• **Aim of the task**: Return, in their exact form, the lines that lie between the start of the data below and the line containing "Αρχαιολόγοι και συντηρητές", with both ends included.

(Data records)

● ● ● ● ●

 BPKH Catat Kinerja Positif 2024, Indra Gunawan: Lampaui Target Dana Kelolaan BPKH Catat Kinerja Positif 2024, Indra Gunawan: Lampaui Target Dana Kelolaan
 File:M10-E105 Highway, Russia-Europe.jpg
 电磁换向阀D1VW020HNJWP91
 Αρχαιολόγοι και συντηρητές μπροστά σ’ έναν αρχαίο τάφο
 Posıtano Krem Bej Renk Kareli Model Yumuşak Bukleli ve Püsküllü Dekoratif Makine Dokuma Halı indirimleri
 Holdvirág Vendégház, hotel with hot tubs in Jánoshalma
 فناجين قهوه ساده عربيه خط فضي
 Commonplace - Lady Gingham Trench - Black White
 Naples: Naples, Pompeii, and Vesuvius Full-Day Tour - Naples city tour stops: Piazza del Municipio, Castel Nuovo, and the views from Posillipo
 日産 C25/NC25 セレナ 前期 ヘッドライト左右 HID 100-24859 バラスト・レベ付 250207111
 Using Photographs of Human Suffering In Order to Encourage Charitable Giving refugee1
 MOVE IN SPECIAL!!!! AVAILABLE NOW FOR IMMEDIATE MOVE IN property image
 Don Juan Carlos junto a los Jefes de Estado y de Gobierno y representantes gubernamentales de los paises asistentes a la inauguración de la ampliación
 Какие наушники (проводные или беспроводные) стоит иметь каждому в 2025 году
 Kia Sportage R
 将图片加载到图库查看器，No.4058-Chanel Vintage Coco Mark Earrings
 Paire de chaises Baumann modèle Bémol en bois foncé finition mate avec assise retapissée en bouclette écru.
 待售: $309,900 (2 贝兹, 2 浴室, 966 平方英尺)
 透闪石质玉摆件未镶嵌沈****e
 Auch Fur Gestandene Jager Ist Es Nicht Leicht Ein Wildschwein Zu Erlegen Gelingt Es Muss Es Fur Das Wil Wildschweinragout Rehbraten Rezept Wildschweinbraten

● ● ● ● ●

• **Exercise answer**:
 BPKH Catat Kinerja Positif 2024, Indra Gunawan: Lampaui Target Dana Kelolaan BPKH Catat Kinerja Positif 2024, Indra Gunawan: Lampaui Target Dana Kelolaan
 File:M10-E105 Highway, Russia-Europe.jpg
 电磁换向阀D1VW020HNJWP91
 Αρχαιολόγοι και συντηρητές μπροστά σ’ έναν αρχαίο τάφο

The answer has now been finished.